CHP olarak, bütün demokratik güçlerle birlikte, basın emekçilerinin sorunlarını gündeme getirmeye, çözüm önerileri üretmeye, meslekteki sendika, oda ve cemiyetlerin taleplerini baz alan yeni bir medya yaşamı kurmaya yönelik çabalarımız devam edecektir. Basın emekçilerinin sorunlarının bütün boyutları ile araştırılmasını talep eden araştırma önergemiz 10 Ocak itibariyle TBMM Başkanlığı’na iletilmiştir.Basın emekçilerinin sorunlarının takipçisi olmaya devam edeceğiz.
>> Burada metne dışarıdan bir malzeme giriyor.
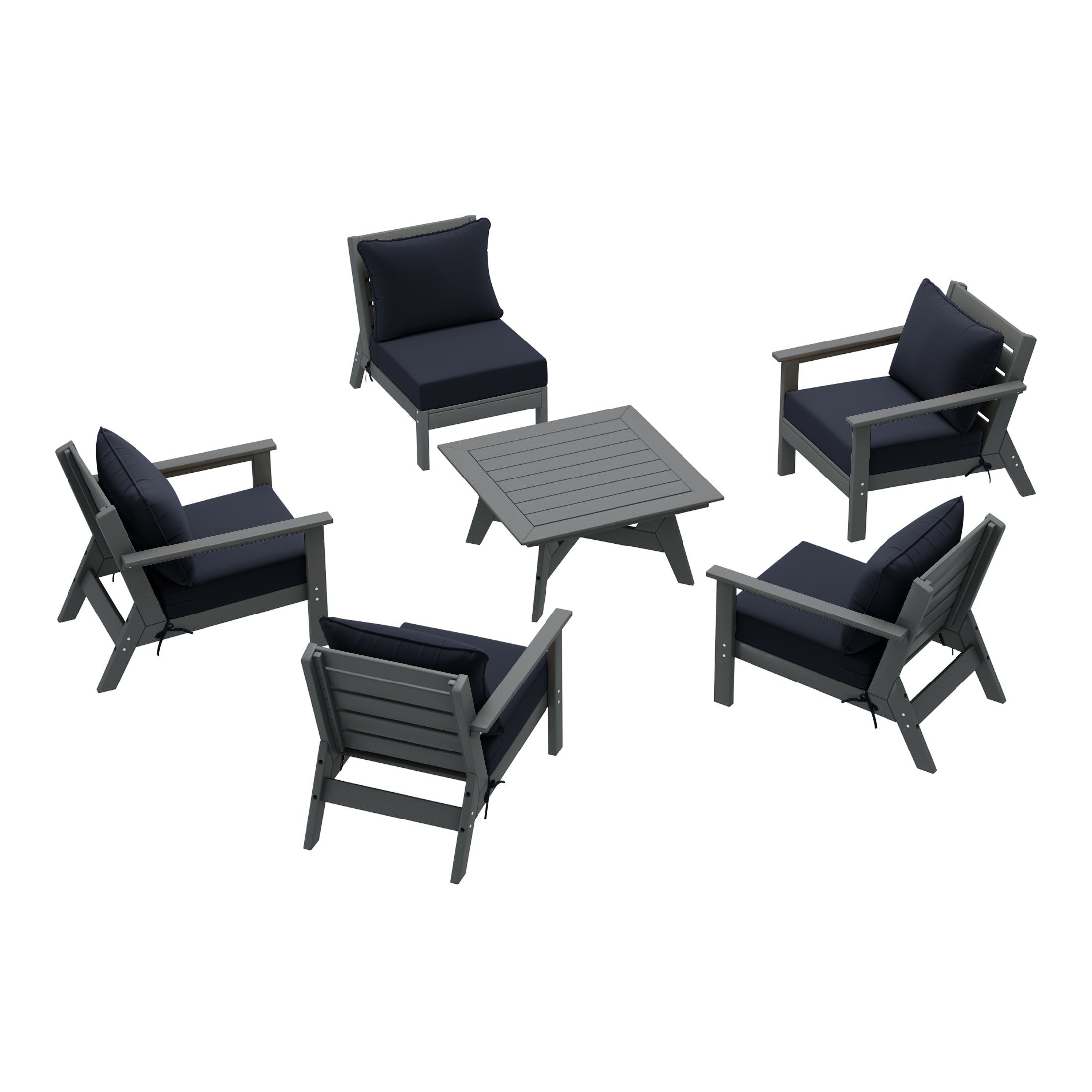 Avalon Outdoor 6-Piece Modular Sectional Patio Furniture Sofa Set in Gray Frame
AKP İl Başkanı Kadem Mete ise paylaştığı mesajında şunları dile getirdi:
“Demokrasimizin vazgeçilmezi kamunun vicdanı, milletimizin sesi olan kıymetli gazetecilerimizin “Çalışan Gazeteciler Günü’nü tebrik ediyorum.
Habere ve bilgiye çok kolay ulaşılabilen bir dönemde basın ahlak ve ilkeleri çok daha fazla anlam ve önem taşımaktadır.
Bu nedenledir ki tarafsız ve doğru haber yapan, gazetecilerimizin yükü bir kat daha artmıştır.
Ülkemizin kalkınmasında, demokrasimizin daha da gelişmesinde, hayati bir önem taşıyan gazetecilerimiz 15 Temmuz’un karanlık gecesinde, özellikle Muğla’mızın yerel basın çalışanları Cumhurbaşkanımızın milletimize seslenişini duyurarak çok önemli bir görevi yerine getirmişlerdir.
Ülkemizin karanlığa sürüklenmesini bu sayede engelleyen ve o karanlık gecede ülkemizin değişik yerlerinde can siperhane görev yapan basın mensuplarımıza bir kez daha teşekkür ediyorum.
Ahlaklı ve ilkeli bir şekilde, karşılaştıkları zorluklarla mücadele ederek çalışan tüm gazetecilerimizin yanında olduğumuzu belirtiyor, kendilerinin daha güzel haberlere imza atmalarını yürekten diliyorum. “dedi.